### Given data
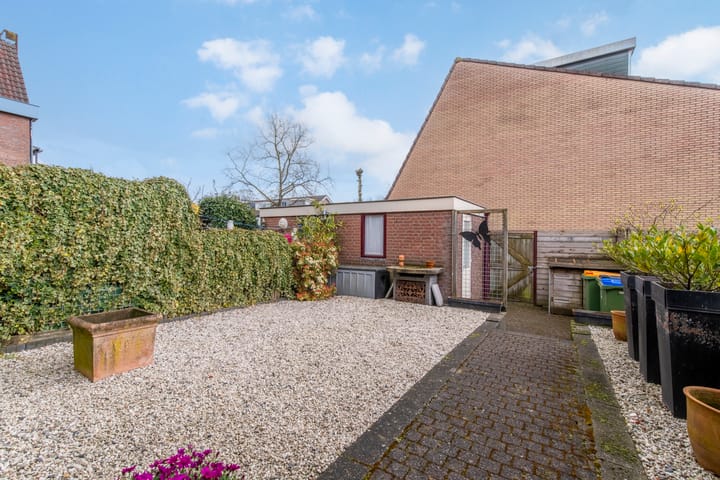 Photo 2 of Karveel 6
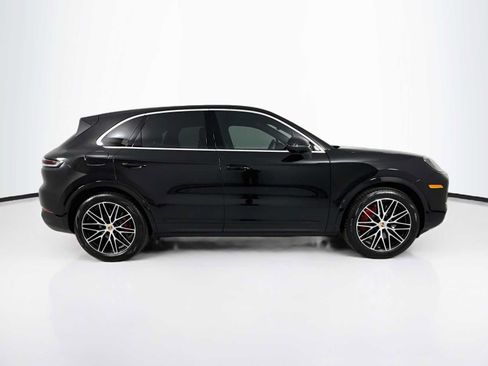 Certified 2025 Porsche Cayenne S AWD/4WD image 8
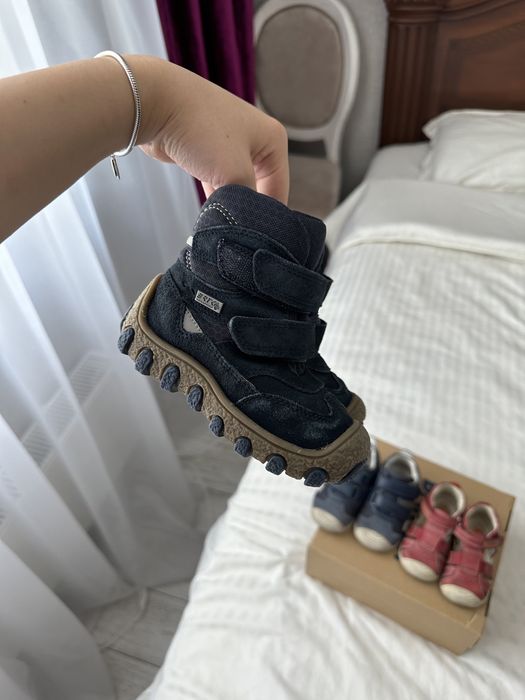 Продам детскую обувь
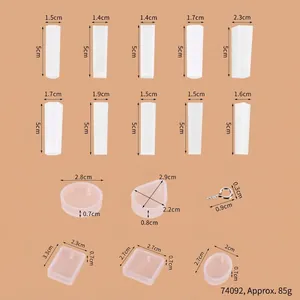 Detailed size chart showing dimensions for DIY resin jewelry pendant silicone mold set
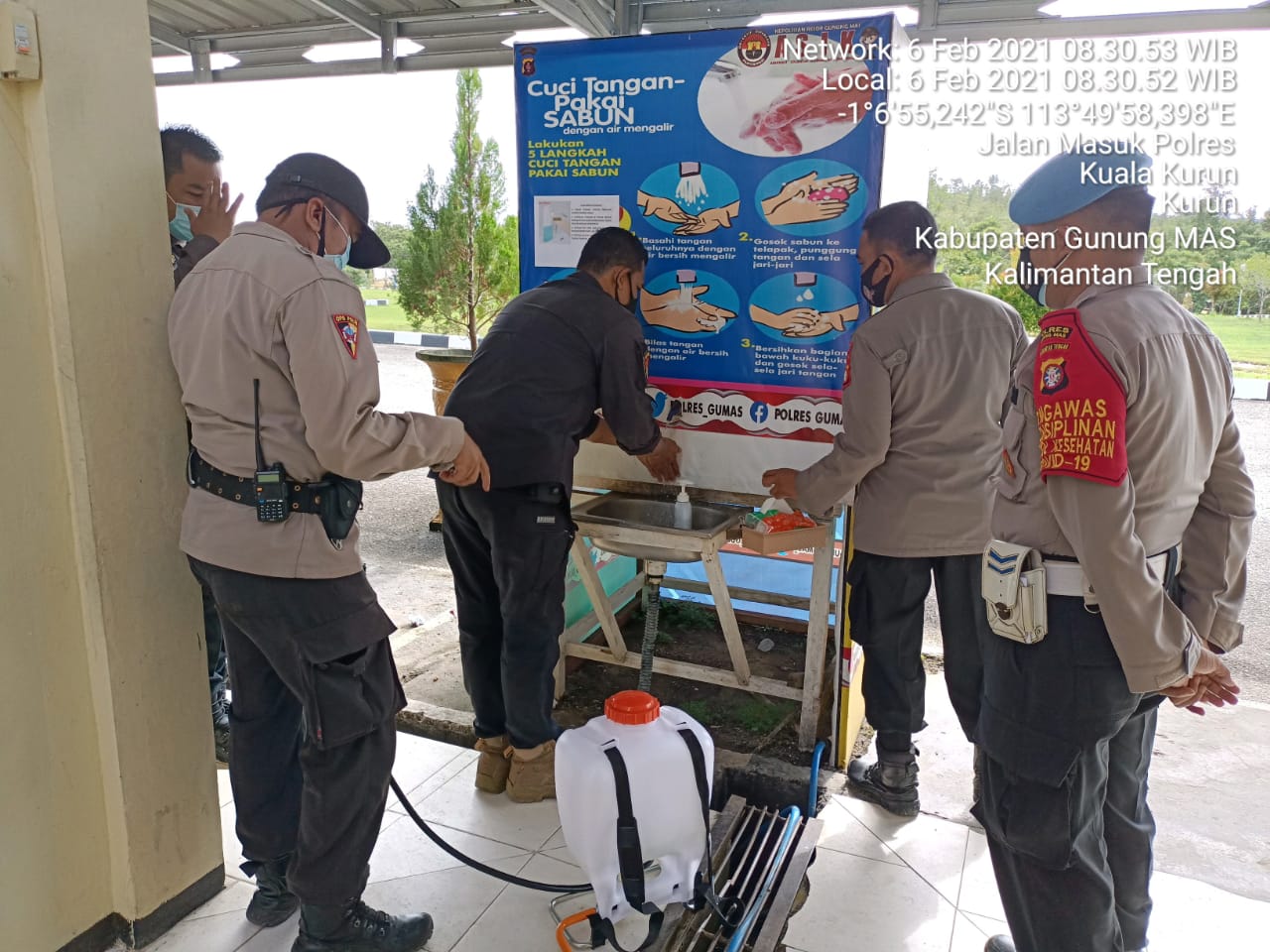 Polisi Diminta Jadi Teladan Penerapan Prokes Polisi Diminta Jadi Teladan Penerapan Prokes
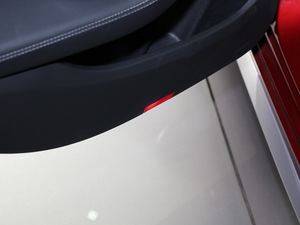 2018C 200 L \(yn)(dng) g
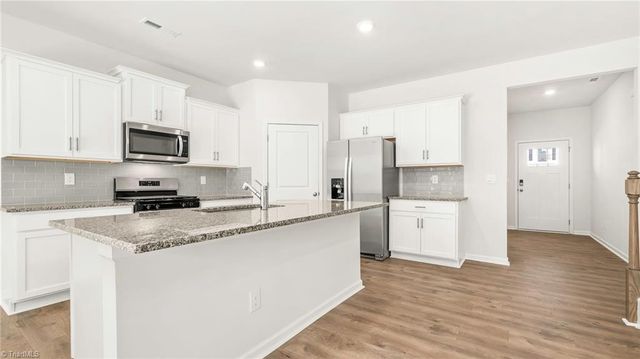 802 Bryson Boulevard, Lexington, NC 27295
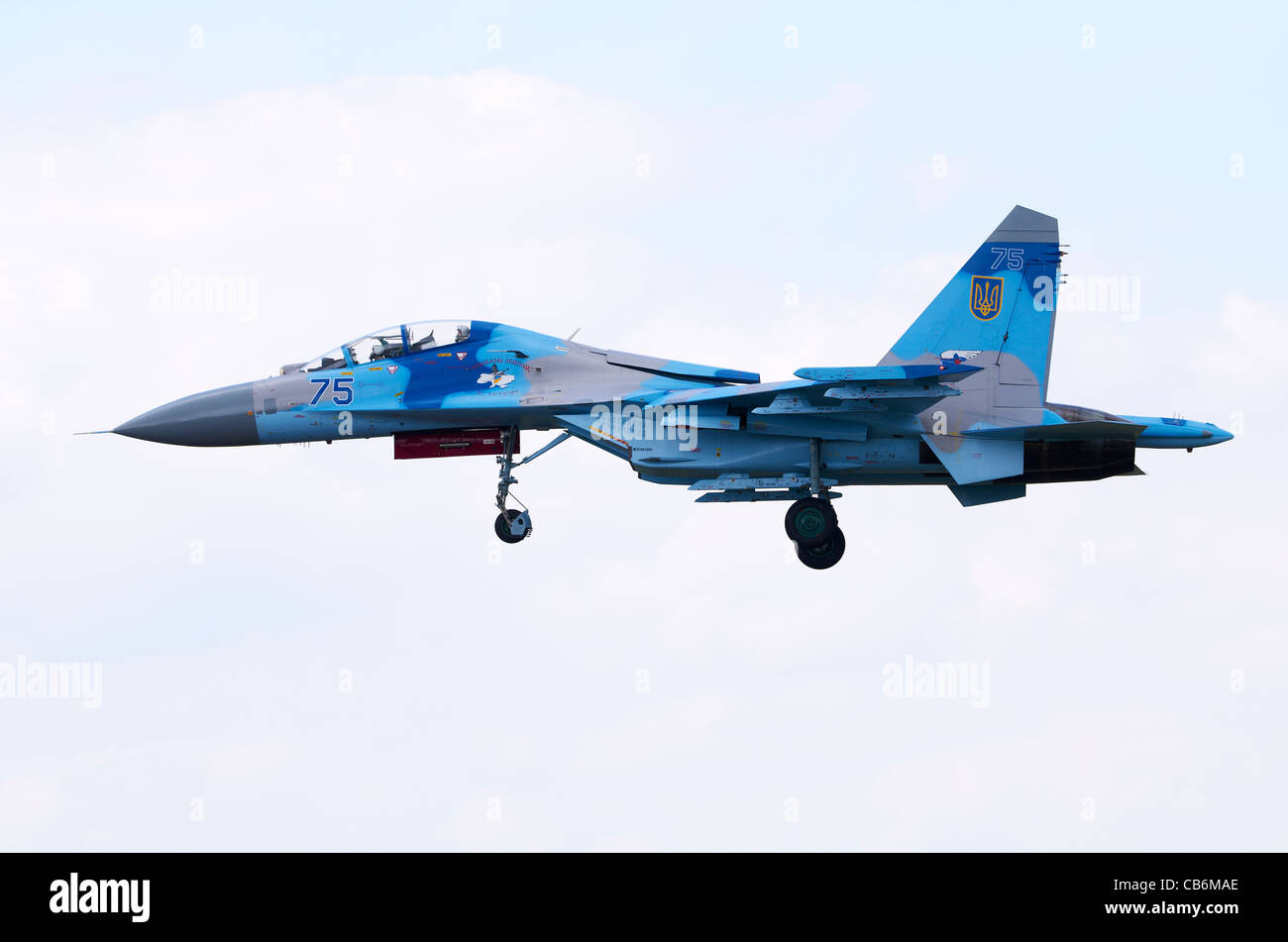 Sukhoi Su-27UB exploité par l'Ukraine Air Force de l'approche à l'atterrissage à RAF Fairford Banque D'Images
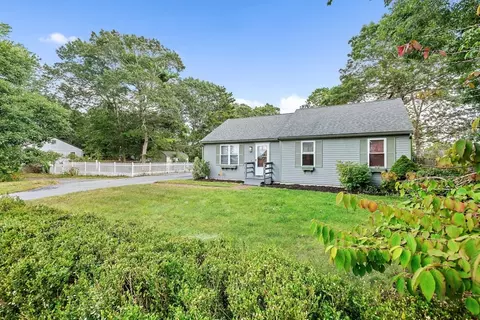11 Repose Ln, Wareham, MA 02538 photo 2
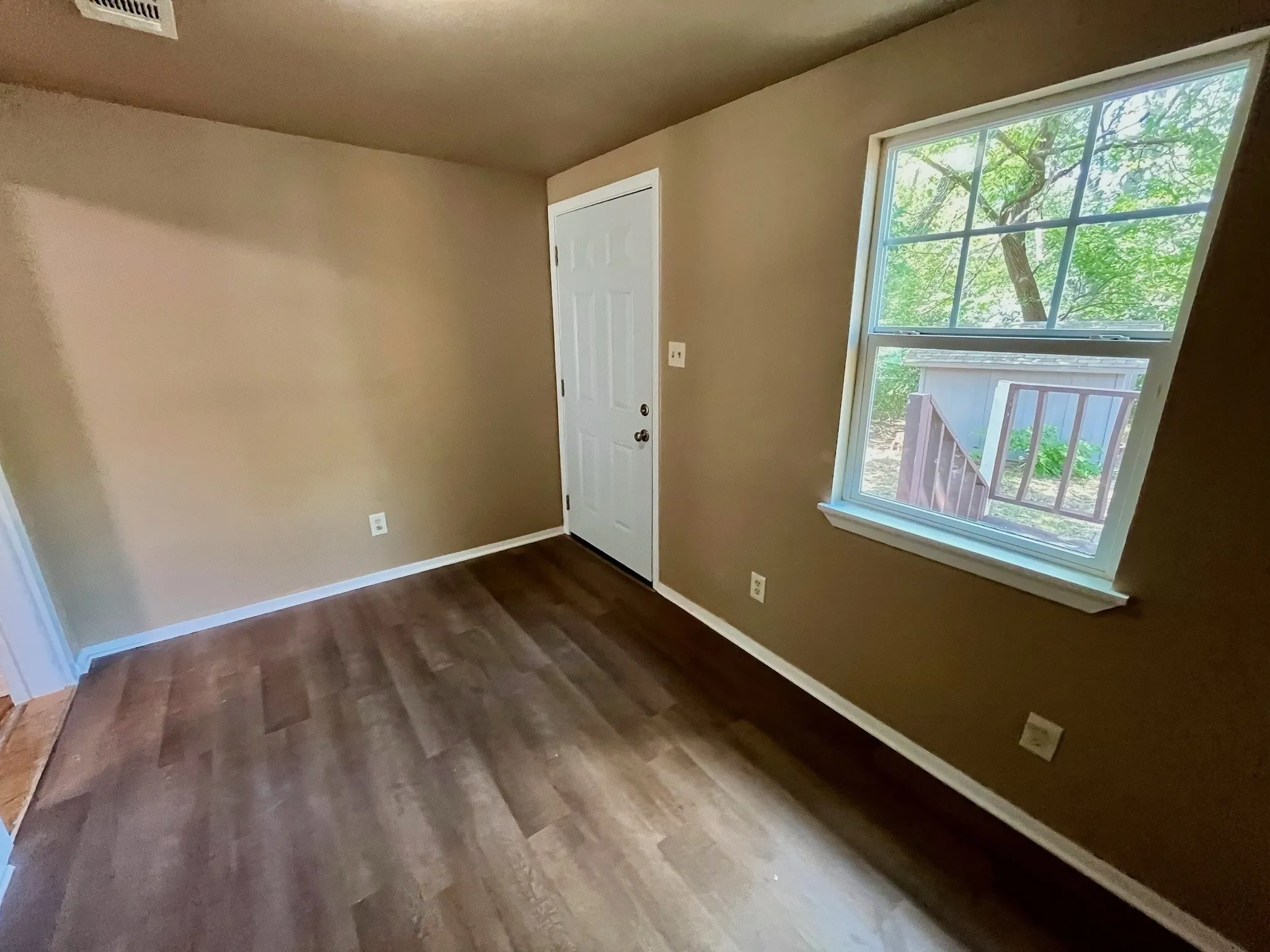 Single Family Residence For Sale in Tarrant County , 7412 Davenport Avenue, Fort Worth, Texas 76116, 2 Bedroom, 1 Bathroom, 1 Garage spaces, 897 Sqft, built in 1947, mls#21324495, Real Estate Agent in Fort Worth, Homes For Sale in Tarrant county, Homes For Sale in Fort Worth, Realtor in Fort Worth Texas, Real Estate Brokerage Independent Realty Texas, Luminita Cordes Realtor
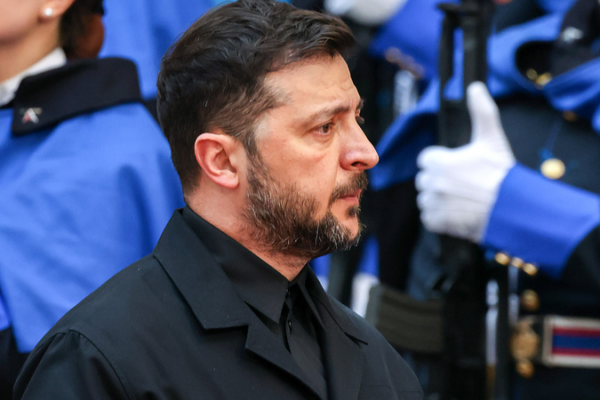 Ukraine Proposes Revised Peace Plan Amid U.S. Pressure 🕊️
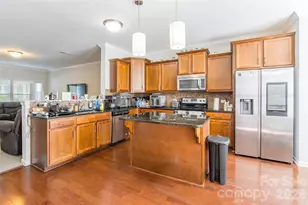 383 Battery Cir, Clover, SC 29710 - Photo 6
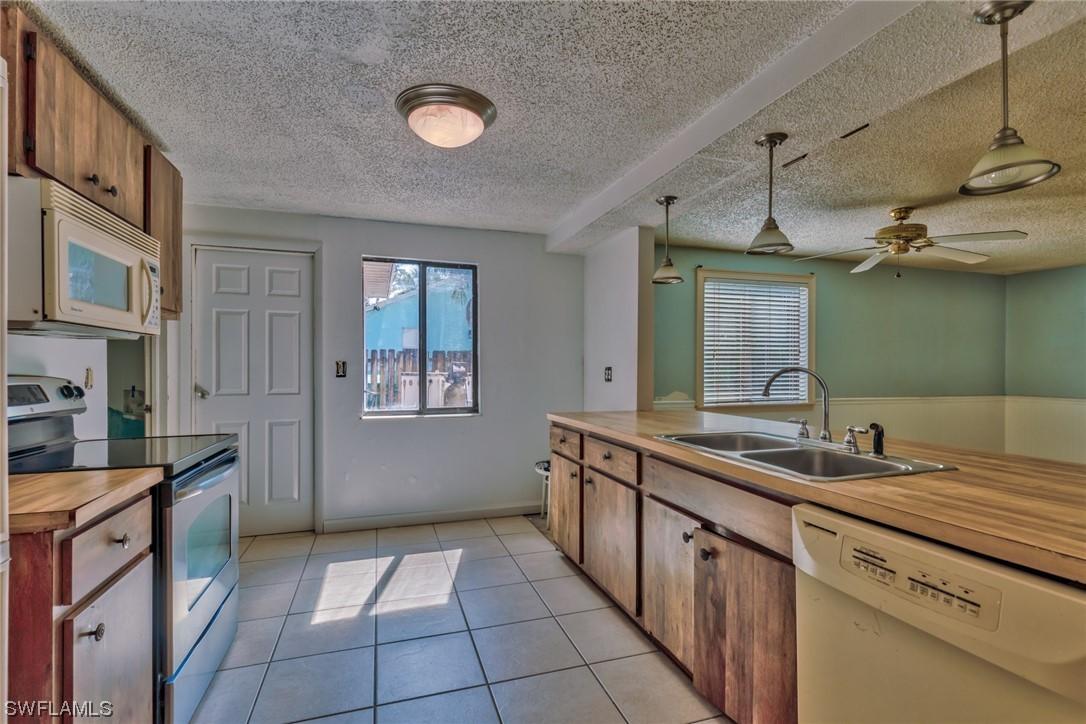 961 9th St., Naples, FL 34117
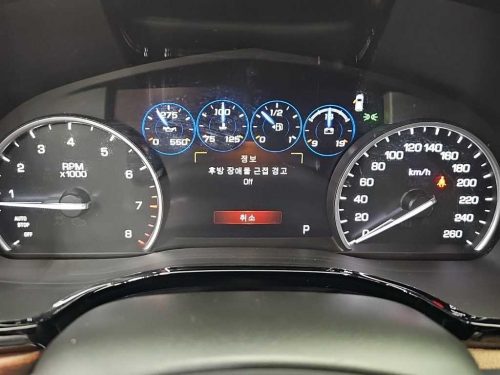 캐딜락 XT5 3.6 플래티넘 AWD 사진 6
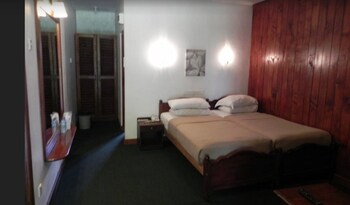Nuwara Eliya Golf Club,Nuwara Eliya>>Kothmale,3 star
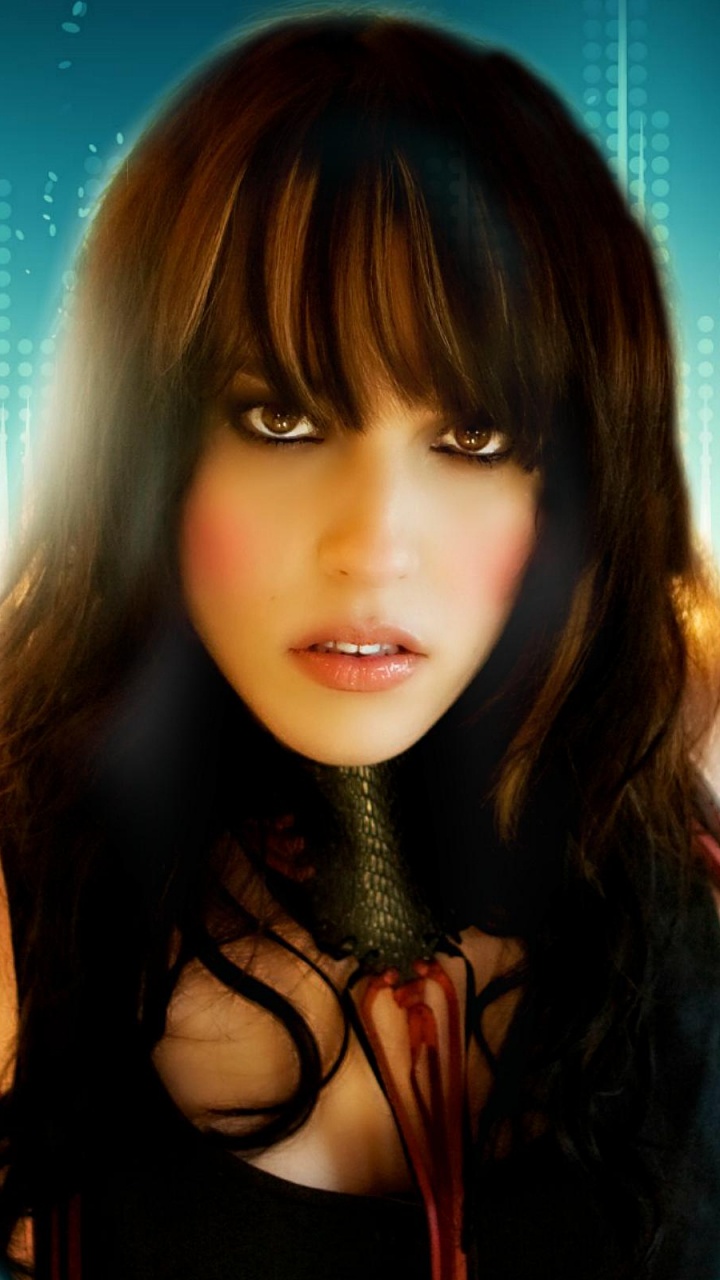 Обои Лиззи Хэйл, Добралась, красота, прическа, длинные волосы в разрешении 720x1280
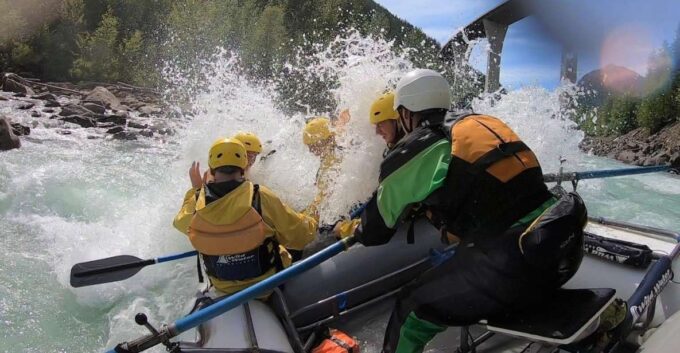 Kicking Horse River: Whitewater Rafting Half-Day Trip - Amenities and Souvenirs
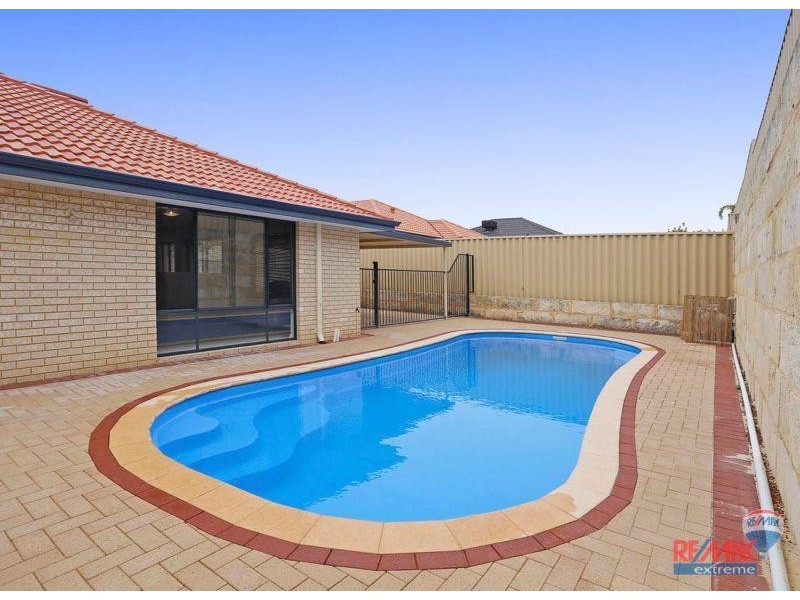 35 Crown Point Crescent, Butler WA 6036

### Assignment
Leave the pictures out and restate the listing word for word.

### Exercise result
 Photo 2 of Karveel 6
 Certified 2025 Porsche Cayenne S AWD/4WD image 8
 Продам детскую обувь
 Detailed size chart showing dimensions for DIY resin jewelry pendant silicone mold set
 Polisi Diminta Jadi Teladan Penerapan Prokes Polisi Diminta Jadi Teladan Penerapan Prokes
 2018C 200 L \(yn)(dng) g
 802 Bryson Boulevard, Lexington, NC 27295
 Sukhoi Su-27UB exploité par l'Ukraine Air Force de l'approche à l'atterrissage à RAF Fairford Banque D'Images
11 Repose Ln, Wareham, MA 02538 photo 2
 Single Family Residence For Sale in Tarrant County , 7412 Davenport Avenue, Fort Worth, Texas 76116, 2 Bedroom, 1 Bathroom, 1 Garage spaces, 897 Sqft, built in 1947, mls#21324495, Real Estate Agent in Fort Worth, Homes For Sale in Tarrant county, Homes For Sale in Fort Worth, Realtor in Fort Worth Texas, Real Estate Brokerage Independent Realty Texas, Luminita Cordes Realtor
 Ukraine Proposes Revised Peace Plan Amid U.S. Pressure 🕊️
 383 Battery Cir, Clover, SC 29710 - Photo 6
 961 9th St., Naples, FL 34117
 캐딜락 XT5 3.6 플래티넘 AWD 사진 6
Nuwara Eliya Golf Club,Nuwara Eliya>>Kothmale,3 star
 Обои Лиззи Хэйл, Добралась, красота, прическа, длинные волосы в разрешении 720x1280
 Kicking Horse River: Whitewater Rafting Half-Day Trip - Amenities and Souvenirs
 35 Crown Point Crescent, Butler WA 6036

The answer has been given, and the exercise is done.